── Dataset extract ──
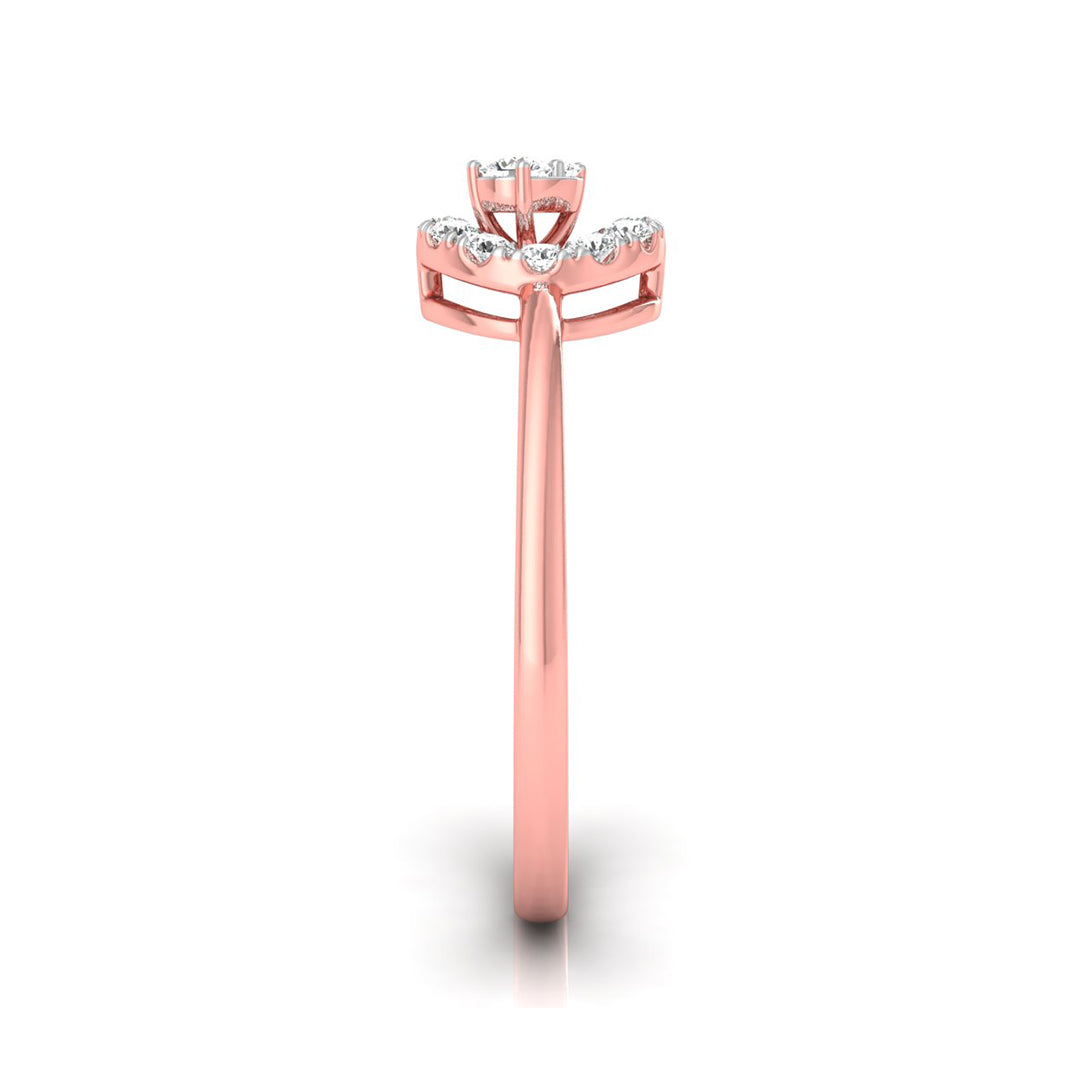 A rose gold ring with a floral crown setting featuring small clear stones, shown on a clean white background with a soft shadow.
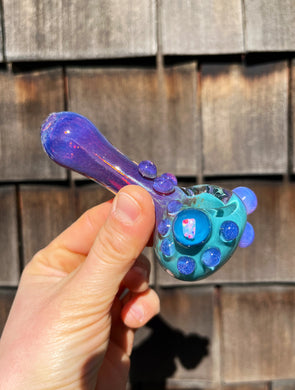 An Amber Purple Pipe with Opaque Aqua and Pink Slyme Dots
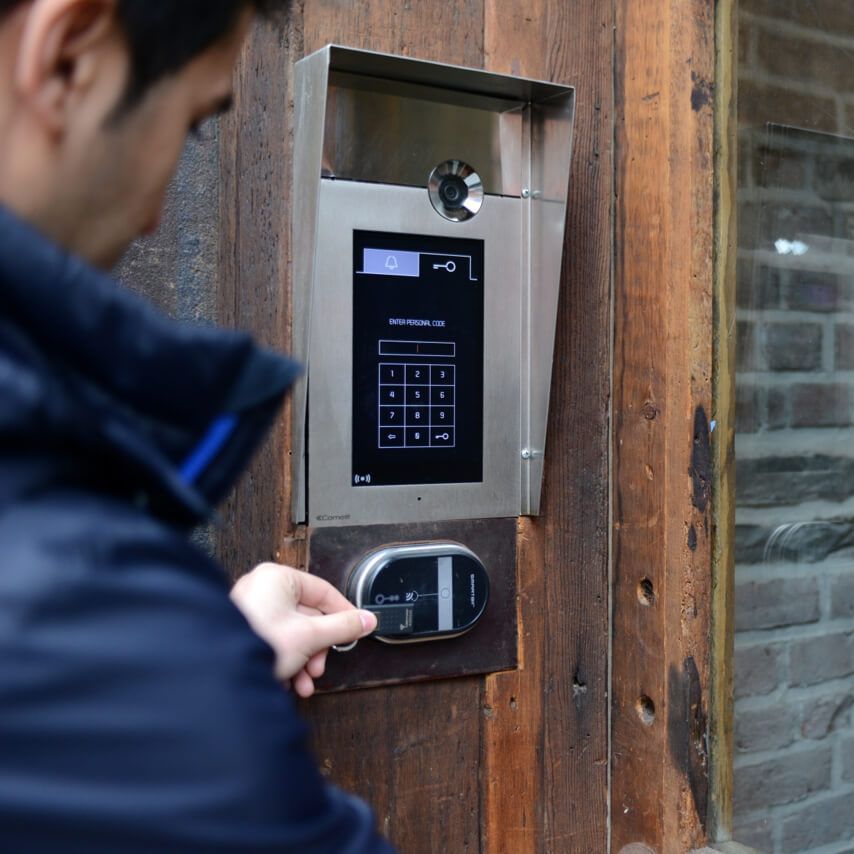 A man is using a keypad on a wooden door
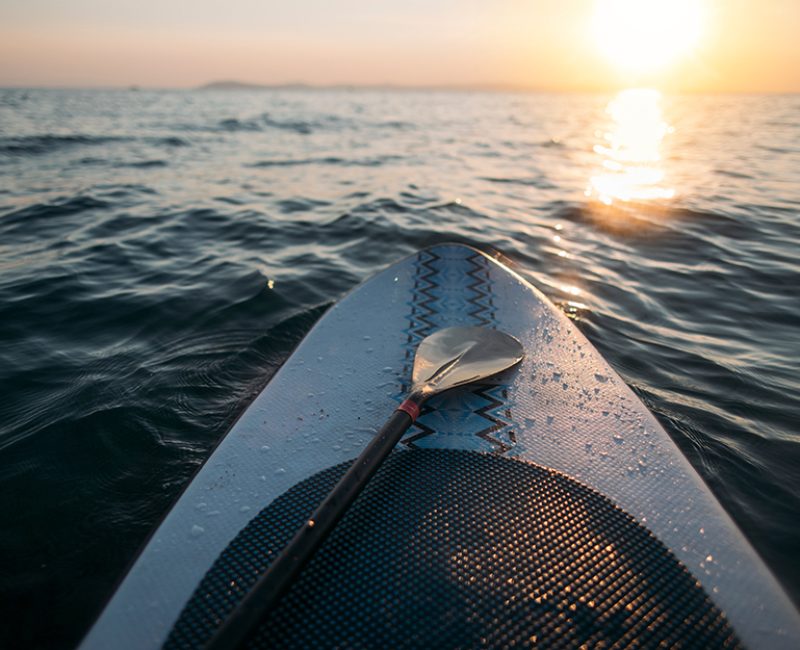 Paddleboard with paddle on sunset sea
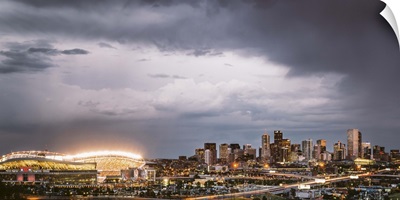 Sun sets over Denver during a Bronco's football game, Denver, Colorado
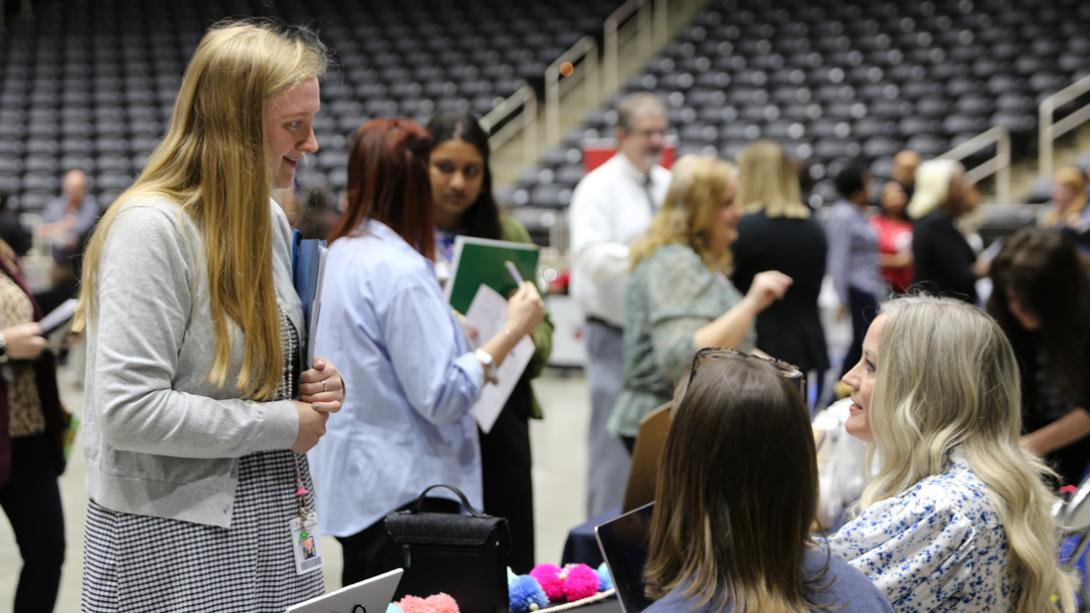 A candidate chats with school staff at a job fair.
───
■ **Work item**
The reply must hold each line of the records verbatim and no pictures.

■ **Exercise output**
 A rose gold ring with a floral crown setting featuring small clear stones, shown on a clean white background with a soft shadow.
 An Amber Purple Pipe with Opaque Aqua and Pink Slyme Dots
 A man is using a keypad on a wooden door
 Paddleboard with paddle on sunset sea
 Sun sets over Denver during a Bronco's football game, Denver, Colorado
 A candidate chats with school staff at a job fair.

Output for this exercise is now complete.